Here are two videos of Swedish songs with both English and Swedish lyrics to follow along – Enjoy & tell me what you think!


7 thoughts on “Listening to Swedish: “att lyssna till svenska”

  1. Oooo I am so glad I found your blog!! I am an Australian and our long term goal is to expat in Sweden. We got close (spain) but still not there.

    Currently doing time (up to 4 years) in Bangkok but my whole family has our fingers crossed that we will be in Stockholm next…

    I can live our dream through your writing for now 🙂

  2. ooops just realised how bad that “doing time” comment sounded …. I meant we are currently expats in Bangkok – not criminals at all 😉

  3. For learning new languages, I often favour children’s books. They tend to use simple words and basic sentences with a lot of repetition. I find it is much easier to learn phrases than to try to remember vocab and grammar rules and then figure out how to put sentences together. Having a basic tourist’s phrase book can also be helpful with this. When I go abroad, I keep one in my purse just so I can quickly reference the ones I need and it does not take long for them to sink into my long term memory. Almost all of the Polish I have came from a phrase book.

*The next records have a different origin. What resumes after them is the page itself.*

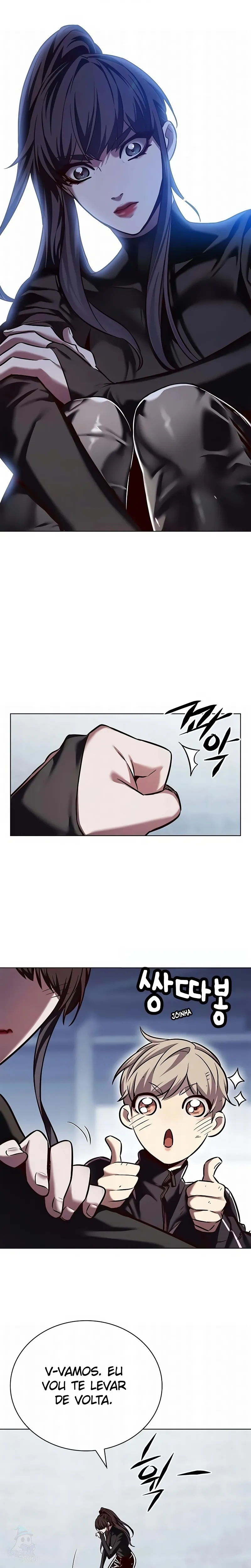 Read Eleceed Português Manga Online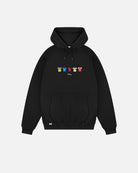ART OF x AFC Embroidered Classics Black Hoodie | Shop Football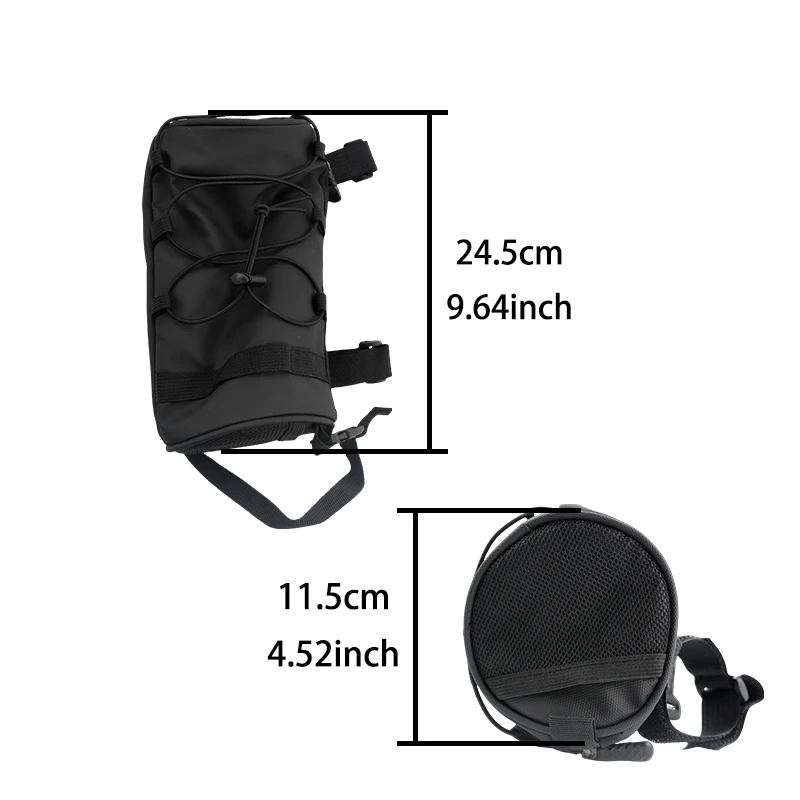 LESQUE Pit Dirt Bike Handlebar - Mountain Biking Bag recension och pris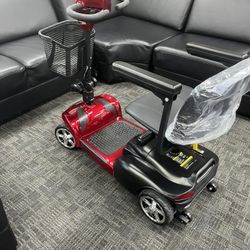 E- Wheelchair On Special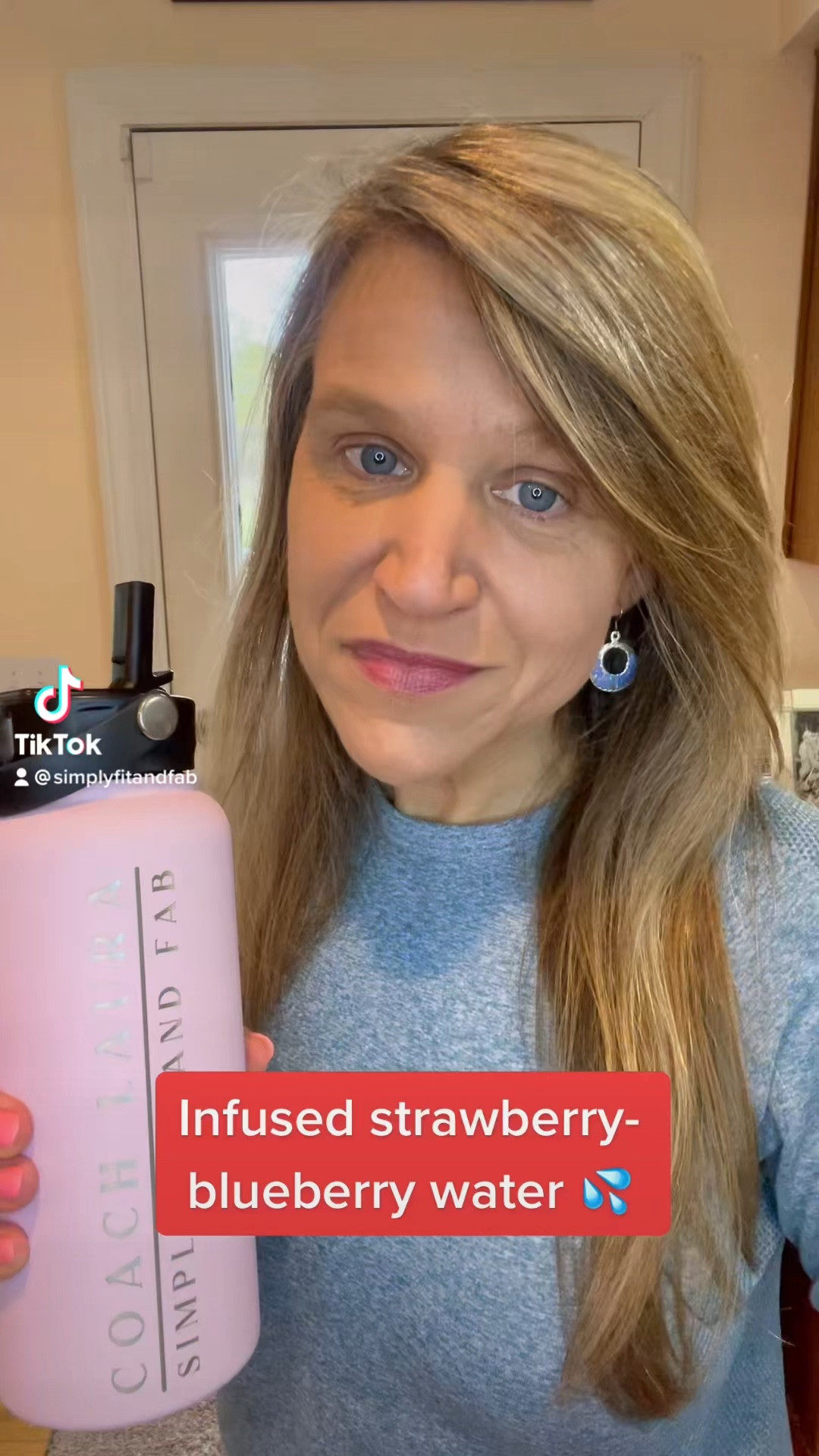 Infused water is a great way to keep yourself hydrated. All you need is a pitcher and some fresh fruits or veggies 

#LTKfit #LTKhome
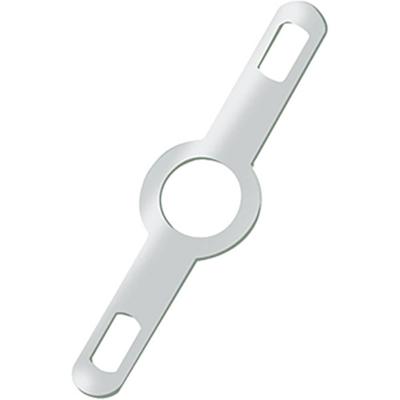 Vogt Verbindungstechnik 2504.60 Soldeeroog Contactoppervlakte Messing 100 stuk(s) (l x b) 24 mm x 5.5 mm
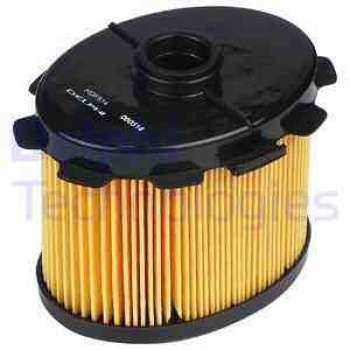 MAZOT FILTRESI PARTNER P206 P306 BERLINGO JUMPY XSARA SCUDO DW8 / DW8B (01 08) COROLLA 00 02 1,9D 98 - DELPHI HDF514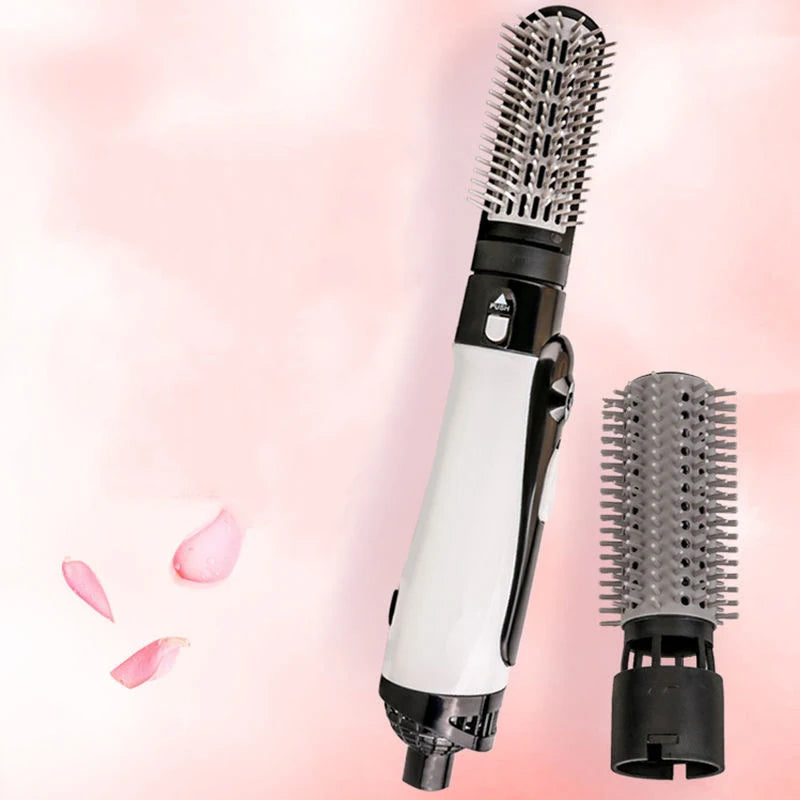 One Step Hair Dryer Brush Volumizer and Hot Air Styler Comb - 4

    Also, since I’ve been trying to improve my German (my fiance’s family is German and his mother speaks almost no English), I often ask my fiance to answer my very simple questions in German. This way, I know what answer I am expecting and I can just hear these short phrases over and over to learn them better. I took three years of German at university, but it did not prepare me for participating in even basic conversation. So if I ask things like “What do you want for dinner?” or “What time are we leaving?” then he will answer in German. I try to ask the questions in German when I remember, too.

    • You are completely right, I meant to include children’s books but completely overlooked it at the last minute. When learning a new language you need that simplicity. Repetitive phrases is a good idea, its great that you have a habit of studying them with him.

  4. The trials of second language acquisition are universal! I’ve had the same pains in learning Spanish, and I suggest the same techniques to my students for learning English. Podcasts could be good, and I know there are some specifically for English-learners that have simpler vocab, etc, so there may be something similar in Swedish?

  5. I already could speak 3 (4 if you count Tsotsitaal) languages (Yay Africa) before moving here and Swedish wasn’t harder for me to learn than English.

    It did help that I developed a fondness for Timbuktu. And those private lessons that my employer was willing to shell out for.